How to cite this URL:
Bandyopadhyay A, Sahni N, Kanth GD. Pseudodextrocardia delaying the diagnosis of peripartum cardiomyopathy. J Obstet Anaesth Crit Care [serial online] 2021 [cited 2021 Dec 9];11:127-8. Available from: https://www.joacc.com/text.asp?2021/11/2/127/327404



Dear Editor,

We report an unusual case of pseudo-dextrocardia due to extreme elevation of left hemi-diaphragm as a result of gaseous colonic distension causing delay in diagnosis and management in a parturient with peri-partum cardiomyopathy (PPCM).

A 34-year-old multiparous woman with severe pre-eclampsia, polyhydramnios, and diabetes mellitus presented to labour room emergency with acute onset shortness of breath. On examination, patient was already in labour, had tachycardia (140 beats per minute), high blood pressure (160/110 mm Hg) and low room air oxygen saturation (80%).
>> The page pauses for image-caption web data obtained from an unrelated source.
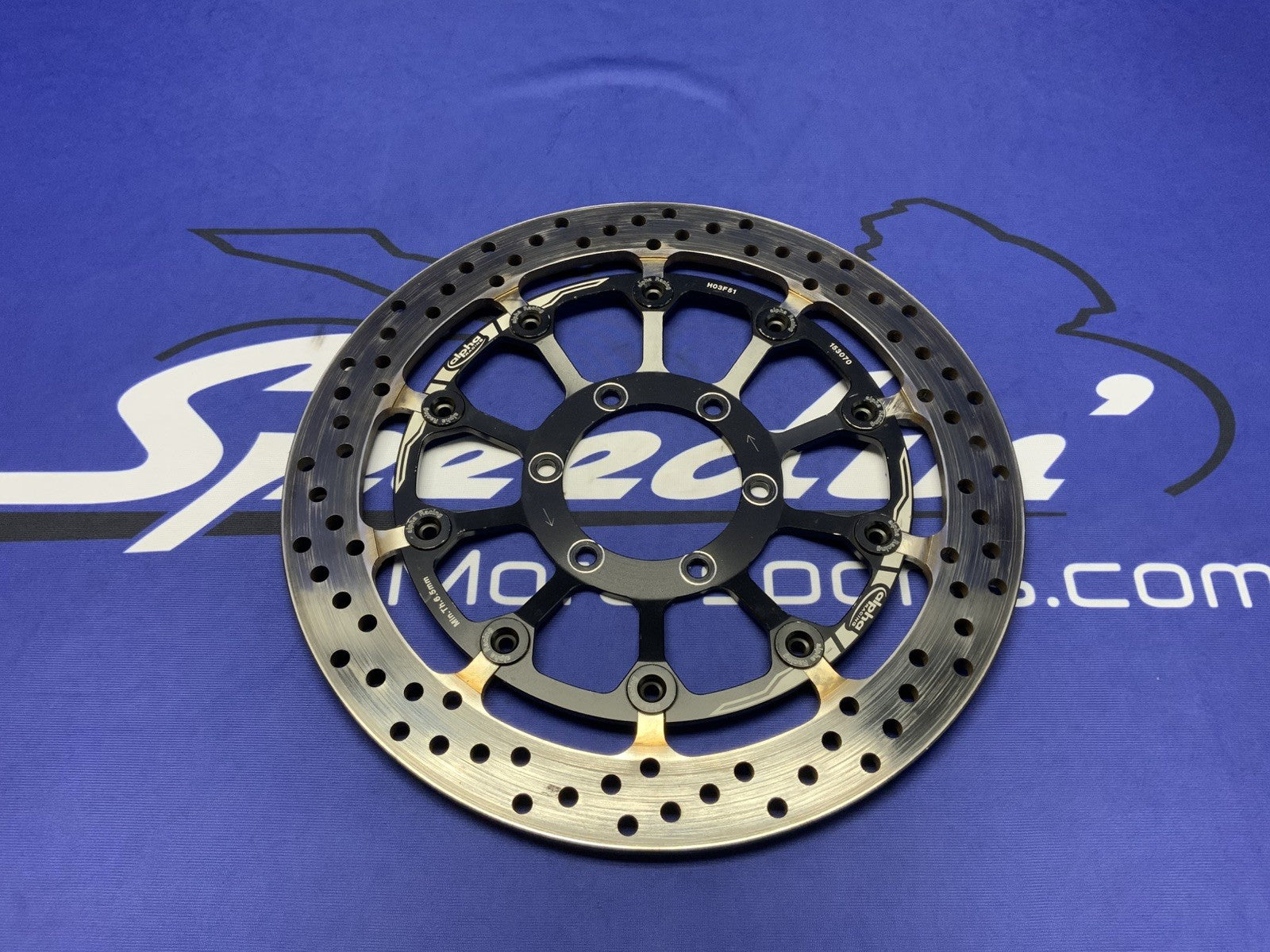 Alpha Racing Left 320x7mm EVO Brake Rotor BMW M1000RR 2021-2025 3411B303C01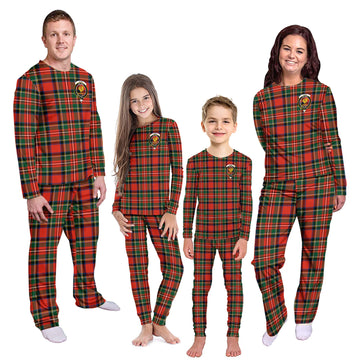 Lyle Tartan Pajamas Family Set with Family Crest Kid - Tartan Vibes Clothing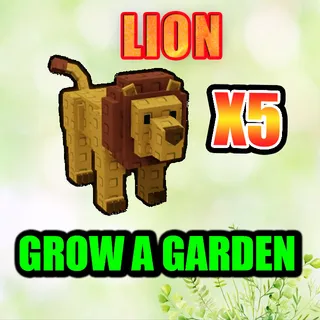 LION GROW A GARDEN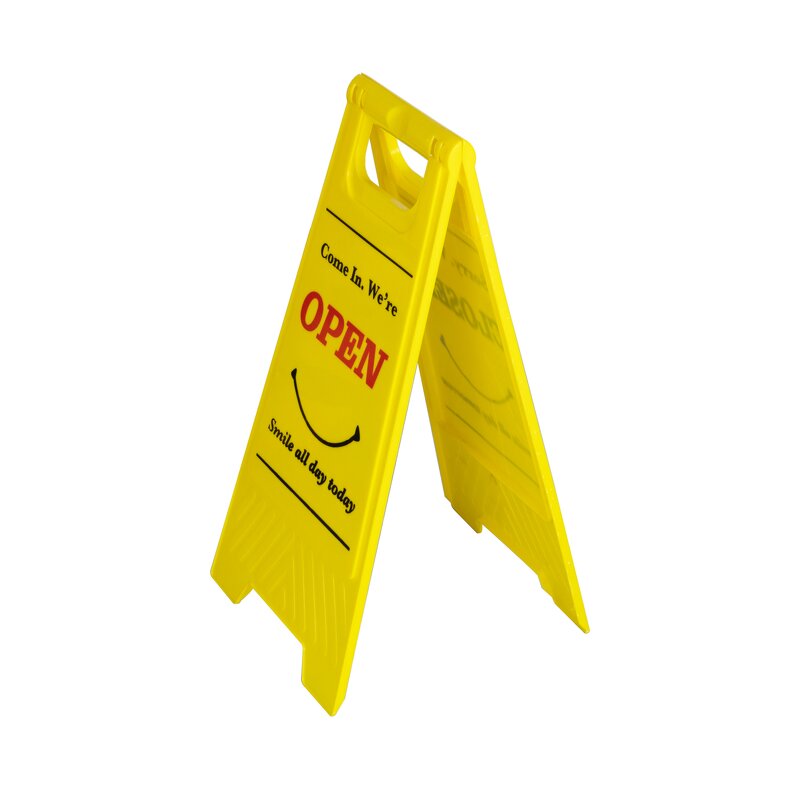 Warning Sign Board Manufacturer - Portable A Frame PP Wet Floor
Chest auscultation revealed bilateral basal crepitation with heart sounds heard better on the right side of chest. 12 lead ECG did not reveal any abnormality and bed side 2D echocardiography was suggestive of dextrocardia with inconclusive evaluation of contractility due to inadequate cardiac visualization window, Post early vaginal delivery of the foetus, patient was intubated in view of worsening respiratory distress and transferred to intensive care unit (ICU). She was started on intravenous magnesium sulfate 1 gram/h, labetalol (200 mg three times a day). Chest X-ray revealed clear lung fields with elevated left hemidiaphragm and apparent dextrocardia [Figure 1]a. She could be weaned off the ventilator early within 8 h.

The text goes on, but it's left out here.